The line containing "Taco de chicharron en salsa verde", plus every line that follows it to the end of the listing below, is what you transcribe exactly; omit all pictures.

○ ○ ○ ○ ○

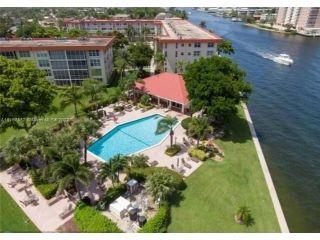 Property in Lighthouse Point, FL thumbnail 4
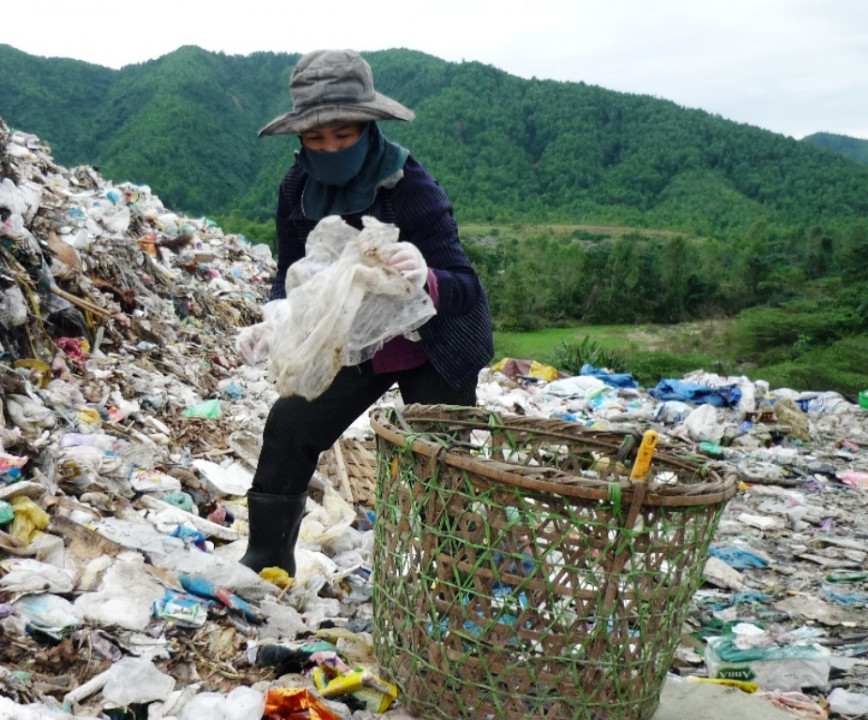 Khó có thể kể hết được nỗi vất vả, gian nan của họ, chí ít tôi gom nhặt vài ba câu chuyện, dăm bảy mảnh đời nơi triền ''núi rác'' mà thôi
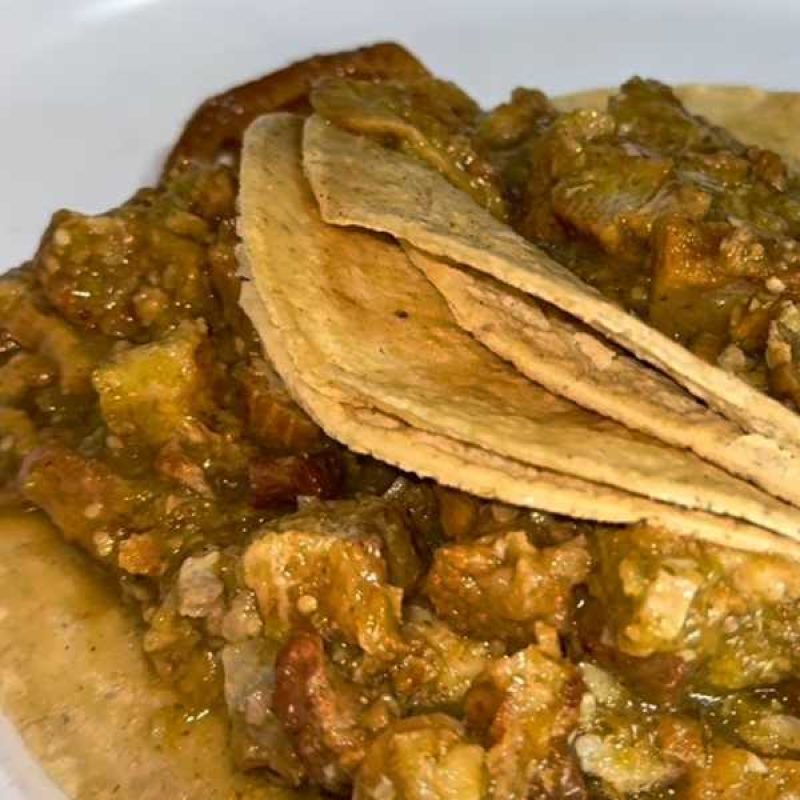 Taco de chicharron en salsa verde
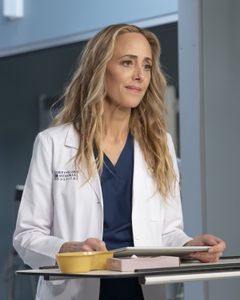 KIM RAVER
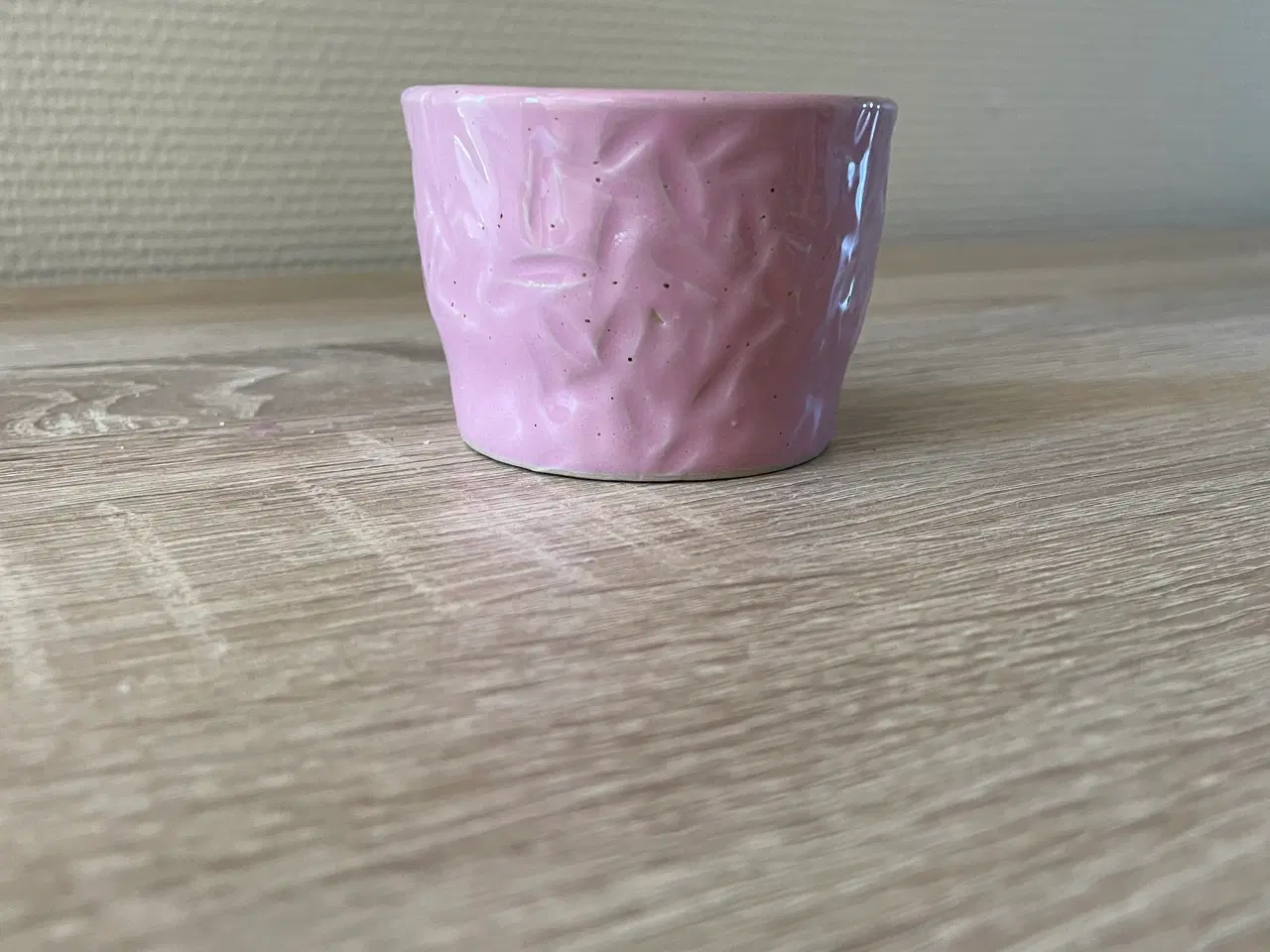 Billede 2 - Håndlavet kop, lyserød med grønt indre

○ ○ ○ ○ ○

» Written answer
 Taco de chicharron en salsa verde
 KIM RAVER
 Billede 2 - Håndlavet kop, lyserød med grønt indre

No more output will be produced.